A Nintendo Switch firmware reverse engineering platform built from scratch.
🔓 74 ARM64 system binaries • 📦 261MB of Nintendo's OS • 🔍 Every secret is in the code.

🏗️ Architecture🚀 Quick Start📦 Modules🎯 Targets🗺️ Roadmap💡 Philosophy


SwitchBlade UI


🔍 What is this?

A purpose-built reverse engineering platform for one target: the Nintendo Switch firmware.

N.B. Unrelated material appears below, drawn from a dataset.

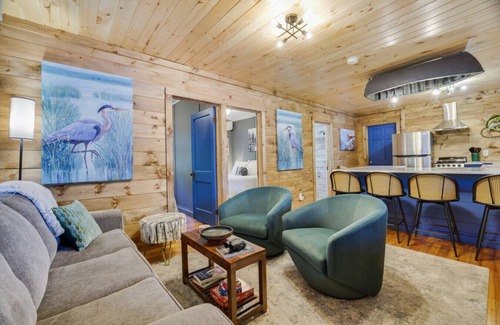 Saylorsburg Apartamento | Lakefront Haven: Modern Cottage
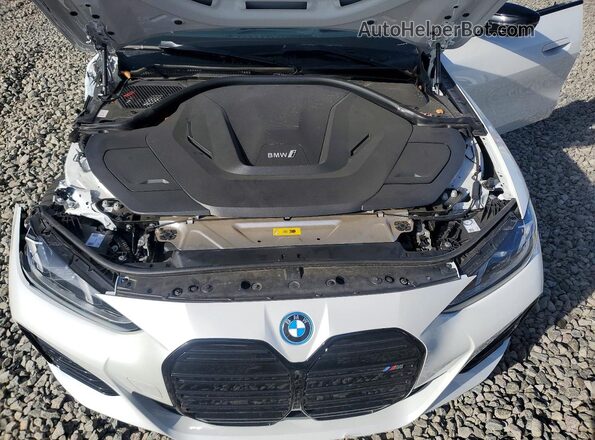 WBY33HD07SFU28532 2025 BMW I4 Белый Вид задней части салона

It's not a plugin for Ghidra. It's not a wrapper around Capstone. Every component — the NSO parser, the AArch64 decoder, the syscall labeler, the firmware diff engine — is built from scratch to find vulnerabilities in Nintendo's code.

🔒 encrypted .nca firmware
       |
       v  🔑 (hactool + prod.keys)
🔓 decrypted .nso binaries
       |
       v  🗡️ (switchblade)
💀 disassembled + analyzed + vulnerability-scanned

⚔️ Why not just use Ghidra?

🦖 Ghidra 🗡️ Switchblade
📂 Load an NSO Manual setup, no Switch context One command, auto-detected
🏷️ Syscall labels Generic SVC numbers Named Horizon OS calls (svcSendSyncRequest, svcConnectToNamedPort...)
🔗 IPC tracing Nothing Maps inter-service communication across all 74 binaries
🔄 Firmware diffing Load two files manually, diff by hand One command: show what Nintendo patched
🗂️ Browse services Open 74 files one at a time Service browser — click ssl, nfc, bluetooth, explore
🤖 Vuln scanning Manual analysis AI-powered pattern detection across entire firmware
⏱️ Setup time Download 500MB, configure, learn the UI python3 switchblade.py ssl.nso

🏗️ Architecture

📄 .nso file ──▶ LOADER ──▶ raw bytes ──▶ DECODER ──▶ instructions ──▶ ANALYZER ──▶ functions ──▶ API ──▶ UI
                                                            |
                                                            ▼
                                                      🤖 VULN SCANNER
                                                      🔄 DIFF ENGINE

 6 components. each one is a standalone python file.
 each one works by itself. each one you can test from the command line.
 no frameworks. no dependencies. simple enough to hold in your head.
🗡️ switchblade/
  📄 loader.py       ◀── M1: parse NSO header, extract .text/.rodata/.data
  📄 decoder.py      ◀── M2: 4 bytes ──▶ ARM64 instruction
  📄 analyzer.py     ◀── M3: find syscalls, label with Horizon OS names, rank targets
  📄 cfg.py          ◀── M4: function discovery, CFG, cross-references
  📄 api.py          ◀── M5: FastAPI serving JSON
  📄 diff.py         ◀── M7: diff two firmware versions
  📄 scanner.py      ◀── M8: pattern + AI vuln scanner
  📄 decompiler.py   ◀── M9: ARM64 ──▶ C pseudocode
  📁 ui/
    📄 index.html    ◀── M6: three-panel layout
    📄 app.js        ◀── M6: fetch API, render disasm + CFG

🚀 Quick Start

Parse a Switch binary

python3 loader.py /path/to/ssl.nso
b'NSO0'  version=0  flags=56
  compressed: text=0 rodata=0 data=0
.text:      2459492 bytes  mem=0x0
.rodata:     757936 bytes  mem=0x259000
.data:       118168 bytes  mem=0x313000
============================================================
  00000000  03 00 00 14 18 90 25 00 4c 90 25 00 1f 00 00 f1  ......%.L.%.....
  00000010  01 04 00 54 f3 03 01 2a 60 19 00 f0 00 80 36 91  ...T...*`.....6.
  00000020  e2 59 00 b0 42 40 08 91 42 00 00 cb 01 00 80 52  [email protected]
  00000030  d0 41 09 94 60 fe ff 10 41 19 00 b0 21 20 03 91  .A..`...A...! ..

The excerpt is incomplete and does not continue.